Discrete-time realization of transcendental impedance models, with application to modeling spherical solid diffusion

This paper introduces the “discrete-time realization algorithm” (DRA) as a method to find a reduced-order, discrete-time realization of an infinite-order distributed-parameter system such as a transcendental impedance function. In contrast to other methods, the DRA is a bounded-time deterministic method that produces globally optimal reduced-order models. In the DRA we use the sample and hold framework along with the inverse discrete Fourier transform to closely approximate the discrete-time impulse response. Next, the Ho–Kalman algorithm is used to produce a state-space realization from this discrete-time impulse response. Two examples are presented to demonstrate the DRA using low-order rational-polynomial transfer functions, where the DRA solution can be compared to known solutions. A third example demonstrates the DRA with a transcendental impedance function model of lithium diffusion in the solid phase of a lithium-ion battery, showing that a third-order discrete-time model can closely approximate this infinite-order model behavior.
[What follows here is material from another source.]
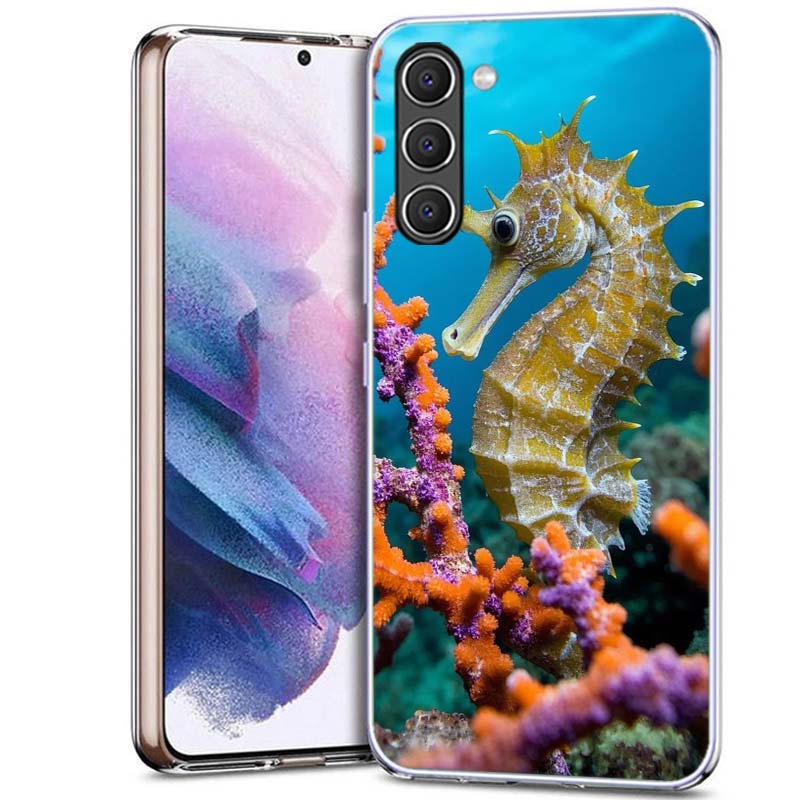 Seahorse Underwater Fantasy Phone Case for Samsung A54 A14 A24 A34 A17 A37 A57 A55 A35 A25 A15 A13 A23 A33 A53 A07 A05S A04S A03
► In this paper, we present the discrete-time realization algorithm (DRA). ► The DRA can find a reduced-order realization of a transcendental impedance function. ► It is based on estimating the impulse response and then using the Ho–Kalman algorithm. ► Three examples are given, including that of lithium diffusion in a solid particle. ► The third-order DRA-produced model closely approximates these infinite-order phenomena.